After years of behind-closed-doors hype and increasing publicity, the big question can finally be answered. Does the $150 Kinect work? Short answer: yes. Long answer: well...
Expect a more in-depth look at Kinect and its launch games early next week. This many full-body games have been a lot to take in for only five hours of use—which, I should note, have been interrupted many times to relax, hydrate, and stave off a headache. (If you're wondering, I'm a fit guy who works out and gave up his car for a bicycle.) I need more time to play, ponder, and pop pills.
I've already come up with a few confident assessments. For starters, your gaming room of choice is not big enough for Kinect. My living room comfortably seats nine people around an HDTV to watch movies or play, er, non-Kinect games. As per Kinect's demands, we had to shove the TV against the wall, prop the sensor on a box, remove the center table, and re-angle the couch. That gave us eight full feet of distance and eight feet of wingspan for two users to be clearly seen by the cameras. Practicality, quite frankly, makes this a no-sell for families who'd rather not pay $150 to redecorate.

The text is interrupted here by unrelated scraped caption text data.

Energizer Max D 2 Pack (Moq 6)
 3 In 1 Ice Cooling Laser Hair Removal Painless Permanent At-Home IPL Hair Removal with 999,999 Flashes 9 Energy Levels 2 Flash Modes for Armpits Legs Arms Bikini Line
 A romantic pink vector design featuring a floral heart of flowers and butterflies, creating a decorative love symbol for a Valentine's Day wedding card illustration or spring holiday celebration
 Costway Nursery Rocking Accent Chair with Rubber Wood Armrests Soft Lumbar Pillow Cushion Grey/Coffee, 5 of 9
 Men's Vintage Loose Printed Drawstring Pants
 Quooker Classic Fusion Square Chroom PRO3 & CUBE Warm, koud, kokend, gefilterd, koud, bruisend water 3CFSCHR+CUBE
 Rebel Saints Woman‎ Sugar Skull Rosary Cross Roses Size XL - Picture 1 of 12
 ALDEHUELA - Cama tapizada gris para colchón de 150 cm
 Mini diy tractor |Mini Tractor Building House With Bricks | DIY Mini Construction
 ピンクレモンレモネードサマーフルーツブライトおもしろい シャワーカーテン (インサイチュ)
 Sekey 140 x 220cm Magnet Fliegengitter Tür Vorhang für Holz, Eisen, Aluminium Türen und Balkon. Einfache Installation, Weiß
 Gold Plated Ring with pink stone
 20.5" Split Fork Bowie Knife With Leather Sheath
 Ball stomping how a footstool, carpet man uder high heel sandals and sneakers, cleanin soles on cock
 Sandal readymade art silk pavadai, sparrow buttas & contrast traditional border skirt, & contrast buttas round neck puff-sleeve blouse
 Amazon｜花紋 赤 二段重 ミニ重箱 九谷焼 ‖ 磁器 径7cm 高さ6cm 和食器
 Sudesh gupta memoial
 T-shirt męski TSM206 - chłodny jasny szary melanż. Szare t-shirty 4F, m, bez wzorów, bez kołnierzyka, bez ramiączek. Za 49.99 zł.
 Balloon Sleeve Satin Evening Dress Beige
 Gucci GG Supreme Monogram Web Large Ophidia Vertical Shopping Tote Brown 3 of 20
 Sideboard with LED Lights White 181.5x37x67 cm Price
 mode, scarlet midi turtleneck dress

Barring that hurdle, Kinect gets the basic job done. In menus, you wave a hand at the screen to point, like the Wii's remotes, only instead of clicking a button, you keep your hand upheld for a full second to choose something. The wait gets annoying, but it's not a dealbreaker, and unlike the Wii or Playstation Move, Kinect adapts extremely well to both sunlight and darkness. (In some menus, you can opt to speak aloud. Say "Xbox" and then a specific phrase, like, "Xbox, sign in," and your request loads. This works well and requires no vocal calibration. Hello, future.)